Stored data —
%%
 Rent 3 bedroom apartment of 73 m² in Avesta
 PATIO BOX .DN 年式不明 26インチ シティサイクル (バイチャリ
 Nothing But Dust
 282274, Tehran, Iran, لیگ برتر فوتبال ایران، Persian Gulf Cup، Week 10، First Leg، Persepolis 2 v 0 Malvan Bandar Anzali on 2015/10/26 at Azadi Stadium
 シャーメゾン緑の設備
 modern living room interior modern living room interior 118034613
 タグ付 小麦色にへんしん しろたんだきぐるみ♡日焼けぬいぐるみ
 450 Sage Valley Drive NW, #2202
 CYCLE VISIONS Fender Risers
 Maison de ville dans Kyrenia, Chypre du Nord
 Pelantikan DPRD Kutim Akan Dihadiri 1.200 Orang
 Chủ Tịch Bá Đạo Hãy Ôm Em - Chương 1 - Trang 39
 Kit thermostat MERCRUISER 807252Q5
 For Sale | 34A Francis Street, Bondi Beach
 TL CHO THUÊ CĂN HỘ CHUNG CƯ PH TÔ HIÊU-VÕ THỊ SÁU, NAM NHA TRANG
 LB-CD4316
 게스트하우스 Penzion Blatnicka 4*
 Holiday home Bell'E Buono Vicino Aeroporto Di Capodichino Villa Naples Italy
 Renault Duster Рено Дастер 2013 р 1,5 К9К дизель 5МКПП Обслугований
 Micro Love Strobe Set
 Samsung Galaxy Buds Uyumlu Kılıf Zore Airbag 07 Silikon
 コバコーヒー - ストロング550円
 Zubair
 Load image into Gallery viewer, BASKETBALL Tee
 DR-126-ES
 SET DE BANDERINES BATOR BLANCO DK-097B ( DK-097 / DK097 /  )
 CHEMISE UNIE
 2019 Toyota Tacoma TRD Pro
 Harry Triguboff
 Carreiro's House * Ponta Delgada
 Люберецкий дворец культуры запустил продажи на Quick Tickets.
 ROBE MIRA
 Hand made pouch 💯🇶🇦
%%
Each line from the one holding "For Sale | 34A Francis Street, Bondi Beach" down to the end of the records above is to be repeated exactly; no other line belongs in the reply.

Exercise result —
 For Sale | 34A Francis Street, Bondi Beach
 TL CHO THUÊ CĂN HỘ CHUNG CƯ PH TÔ HIÊU-VÕ THỊ SÁU, NAM NHA TRANG
 LB-CD4316
 게스트하우스 Penzion Blatnicka 4*
 Holiday home Bell'E Buono Vicino Aeroporto Di Capodichino Villa Naples Italy
 Renault Duster Рено Дастер 2013 р 1,5 К9К дизель 5МКПП Обслугований
 Micro Love Strobe Set
 Samsung Galaxy Buds Uyumlu Kılıf Zore Airbag 07 Silikon
 コバコーヒー - ストロング550円
 Zubair
 Load image into Gallery viewer, BASKETBALL Tee
 DR-126-ES
 SET DE BANDERINES BATOR BLANCO DK-097B ( DK-097 / DK097 /  )
 CHEMISE UNIE
 2019 Toyota Tacoma TRD Pro
 Harry Triguboff
 Carreiro's House * Ponta Delgada
 Люберецкий дворец культуры запустил продажи на Quick Tickets.
 ROBE MIRA
 Hand made pouch 💯🇶🇦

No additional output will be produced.